[Task requirements]: Only one stretch of the data below is needed: the line with "hair transplant Turkey FUT" through the last line. Output it exactly and drop the pictures.

[Listed entries]:
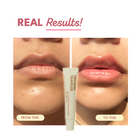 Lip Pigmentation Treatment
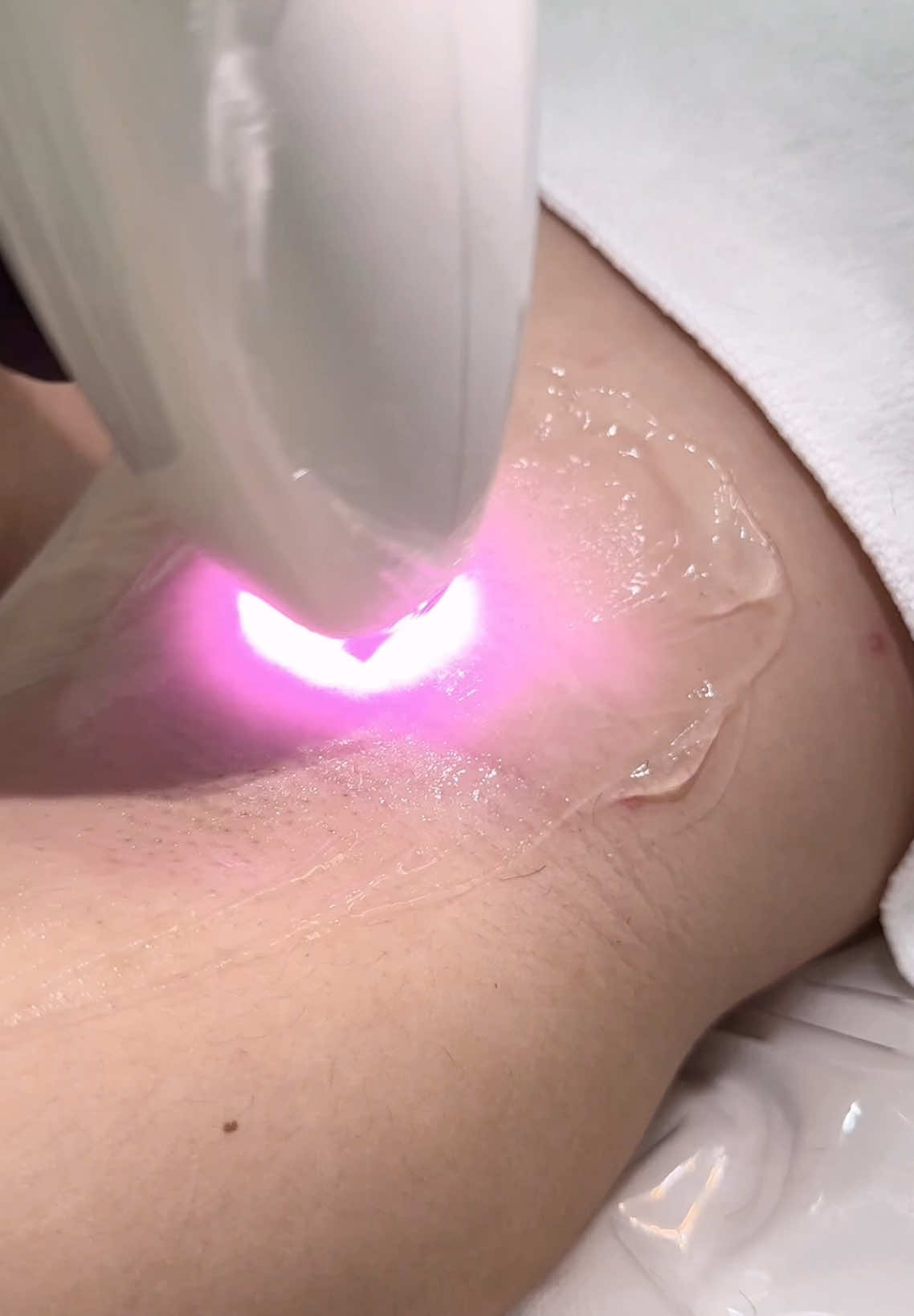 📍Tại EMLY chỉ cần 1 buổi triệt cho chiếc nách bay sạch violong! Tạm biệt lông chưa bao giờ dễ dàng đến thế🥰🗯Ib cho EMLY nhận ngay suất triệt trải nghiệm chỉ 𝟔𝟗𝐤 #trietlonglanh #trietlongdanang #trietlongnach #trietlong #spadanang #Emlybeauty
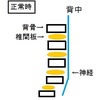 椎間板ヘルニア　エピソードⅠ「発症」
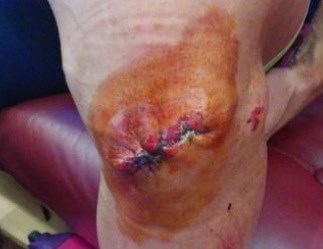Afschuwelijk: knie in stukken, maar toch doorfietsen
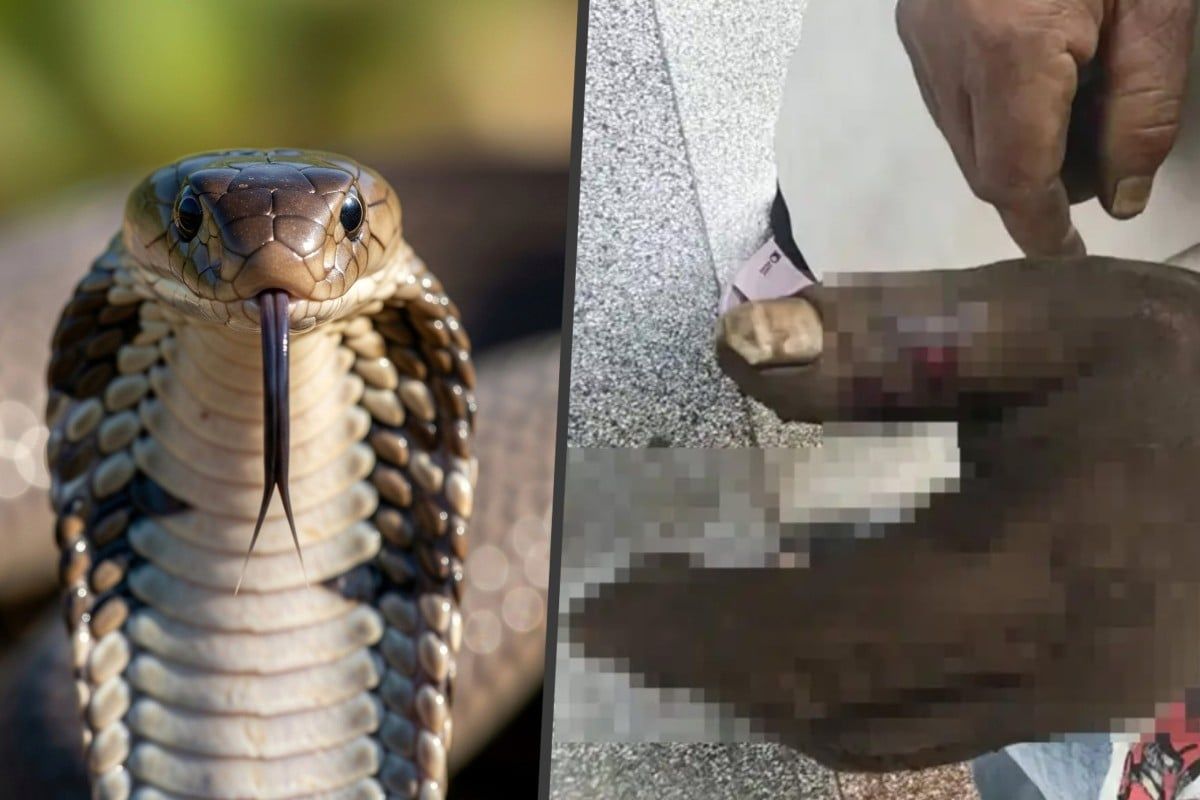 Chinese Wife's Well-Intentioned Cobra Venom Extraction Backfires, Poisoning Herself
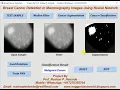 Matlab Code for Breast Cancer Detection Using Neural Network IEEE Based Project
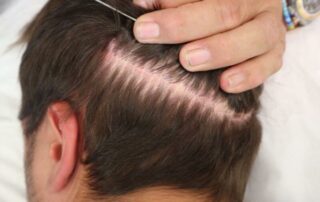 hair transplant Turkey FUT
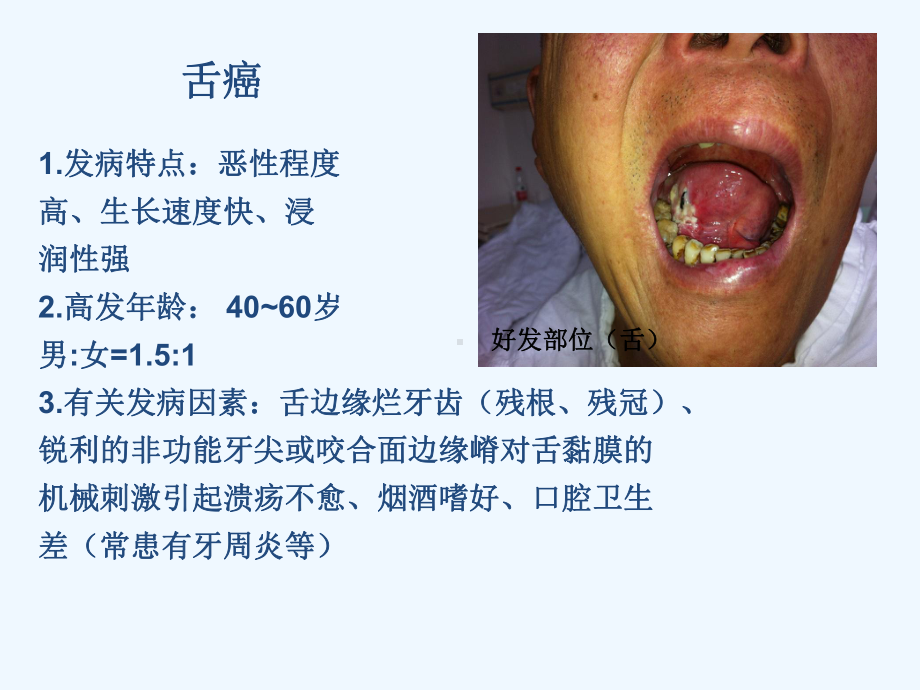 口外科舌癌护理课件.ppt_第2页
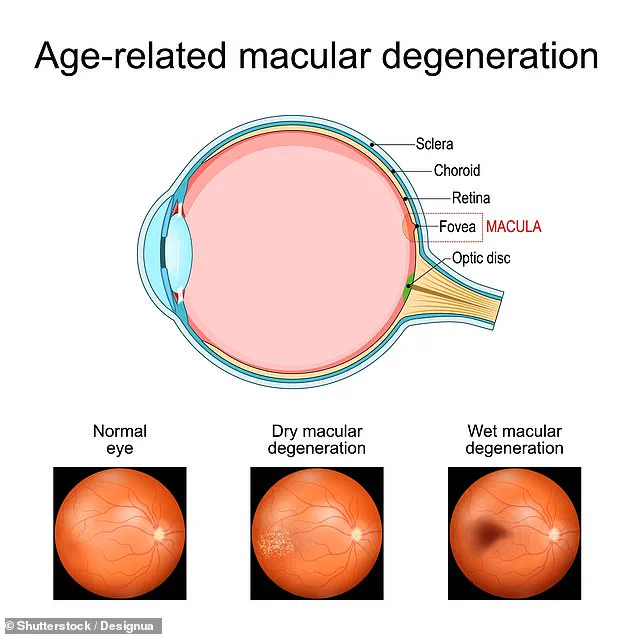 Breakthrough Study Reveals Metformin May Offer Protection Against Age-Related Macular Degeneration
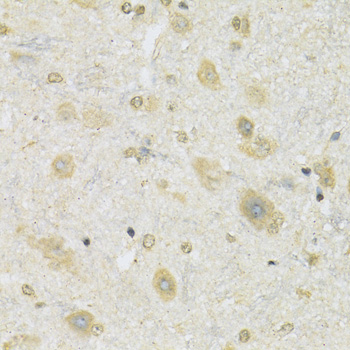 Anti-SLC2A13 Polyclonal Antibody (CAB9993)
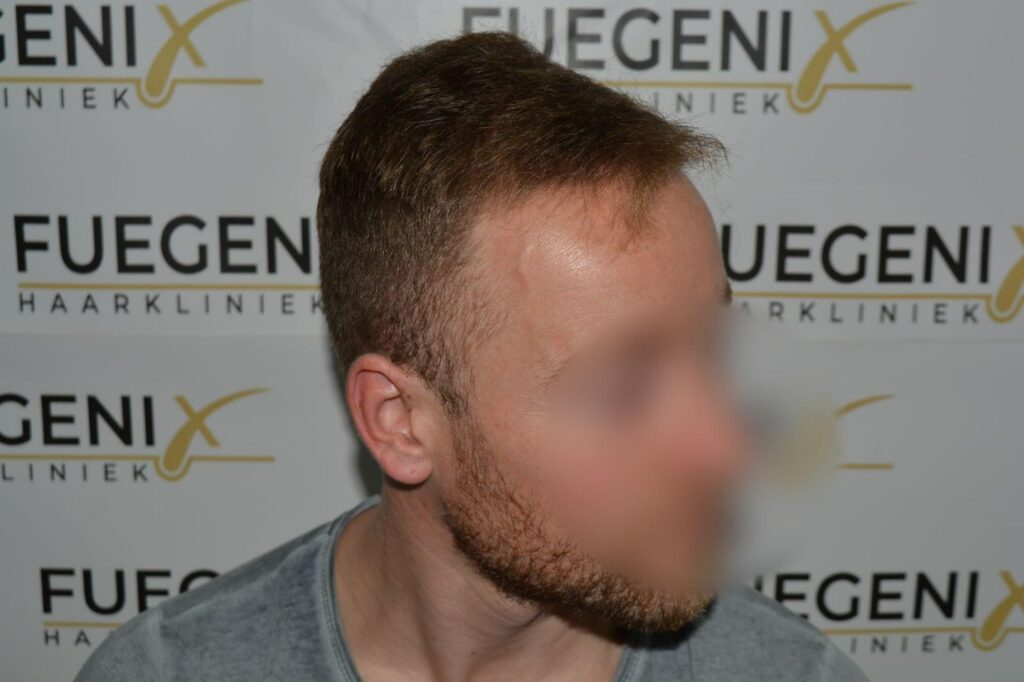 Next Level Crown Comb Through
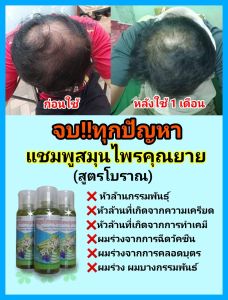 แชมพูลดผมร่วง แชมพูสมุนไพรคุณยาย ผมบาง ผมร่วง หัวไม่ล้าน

[Written response]:
 hair transplant Turkey FUT
 口外科舌癌护理课件.ppt_第2页
 Breakthrough Study Reveals Metformin May Offer Protection Against Age-Related Macular Degeneration
 Anti-SLC2A13 Polyclonal Antibody (CAB9993)
 Next Level Crown Comb Through
 แชมพูลดผมร่วง แชมพูสมุนไพรคุณยาย ผมบาง ผมร่วง หัวไม่ล้าน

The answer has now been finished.